Here are a few expenses you can deduct, but you must be able to document them:

  • Fuel
  • Travel
  • Office Supplies
  • Advertising
  • Insurance

Once you get used to using deductions to lower your tax liability, you will begin to see the benefits of being self-employed.

Review Your Business Structure

Are you self-employed? Meaning do you run a small company, like a small business but do not have an employer? If so, do you know what type of business you have?

The type of business you have will affect what deductions you are allowed.

An S-corporation is a corporation (that is a separate and distinct entity for state and federal tax purposes) that elects to include the income or losses of the corporation on the owner’s income tax return.

In essence, the corporation is treated as a pass-through entity; therefore, the income and losses of the business get passed through to the shareholders. Any shareholder with the corporation can take a legitimate self-employment deduction on his or her own tax return (as long as the shareholder materially participates in the business).
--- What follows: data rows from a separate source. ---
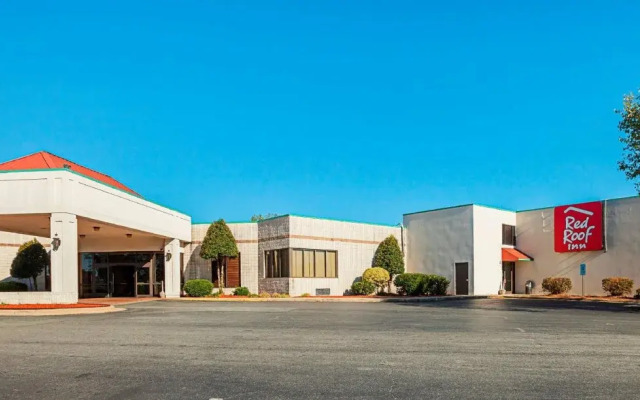 Quality Inn Burlington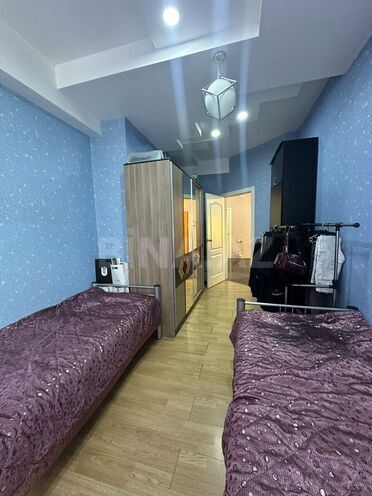 Satılır 3 otaqlı yeni tikili 106 m², Şah İsmayıl Xətai m., photo 13 from 22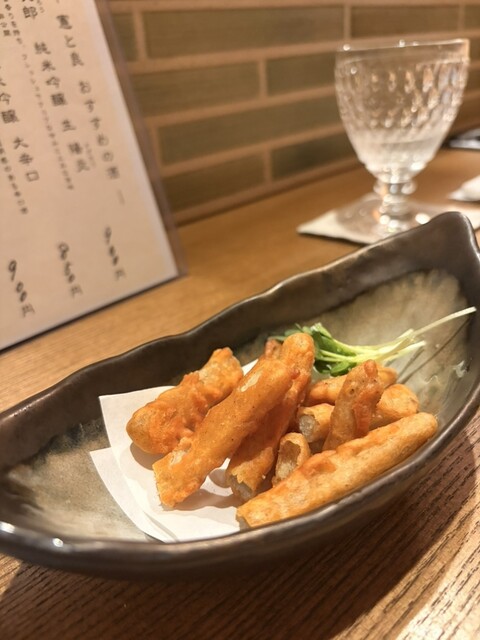 酒とおばんざい 憲と良 - 長岡京/日本料理 | 食べログ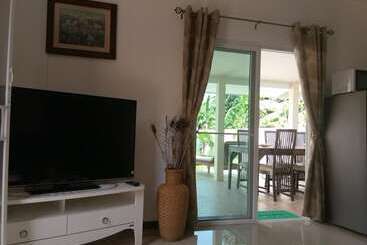 آپارتمانهای توریستها Wirason 2 Bedroom Pool Villa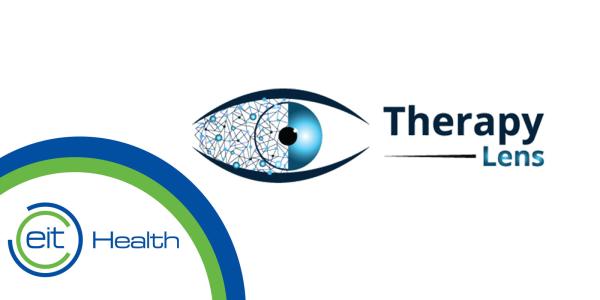 EIT Health Therapy Lens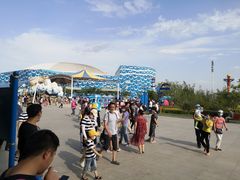 -华夏文旅海洋公园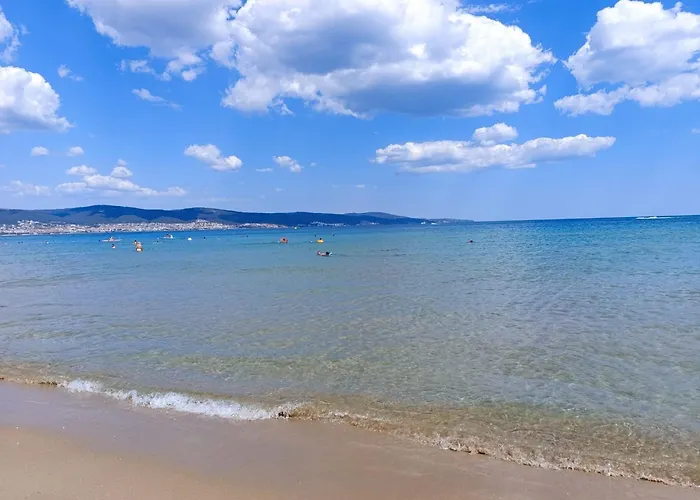 Sun City * Slantschew brjag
An LLC taxed as a partnership will generally be taxed as a partnership.

Active or passive losses are lost, but passive losses may be carried over to future years.

On the other hand, an LLC taxed as a corporation will be taxed as a separate corporation.

An LLC taxed as a corporation (or Subchapter S subsidiary) will be eligible for the Section 179 expensing election (subject to certain limitations and restrictions), a dividend received deduction, and a foreign tax credit.

Pay Yourself a Regular Salary

If you are in business for yourself, chances are that you’re not self-employed. That means that the paycheck you earn performing services for a specific client (or clients) is likely to be regular income, tax-free because the money was earned performing specific services. No deductions are allowed.

However, if instead of charging by the hour or by the job, you invoice clients a flat amount or a set weekly or monthly fee, you are a contractor and you must pay self-employment tax (the equivalent of social security and Medicare taxes) and income tax on the amount you invoice.

On the plus side, however, the income you receive must be reported and you can now deduct some of your expenses.

The key is to invoice enough money to cover your expenses. In some cases, you may bill a flat amount or charge by the job as well as deducting expenses, so that you net less than the amount on the invoice. But to do this in most cases you must have a contract that specifies what rates or charges you will be paid and that you cannot vary from this amount.

Deductible expenses include expenses that you would charge a client or that are specific to your business. They do not include expenses that you would pay regardless of whether you were working, such as your mortgage payment. Fringe benefits are another category that is not deductible.

Don’t Mess Up on Taxes

How do you feel about taxes?

Do you think taxes are fair? Do you think you pay too much? Do you find yourself dreading the tax season?

If you answered yes to one of these questions, you’re not alone. A lot of people find that they get upset and even angry about taxes.

The truth is, even though you may not like it, you are responsible for paying taxes, and that’s why the April 15th deadline is as meaningful as it is. You have to pay the government what’s due on time in order to avoid bad consequences.

People who don’t pay their taxes in time are subject to penalties and interest, and these can add up quickly.

Ignoring these assessments can also cause your finances to be mishandled and your credit score to be affected. Your taxes are also an indicator of your financial literacy, and whether or not you take them seriously can also affect the way others think of your house finances.

On the positive side, you can use your tax refund to do all kinds of things. You can use it as a downpayment for a new house, you can add it to your savings, you can spend it on something fun like a vacation, or you can even donate it to charity.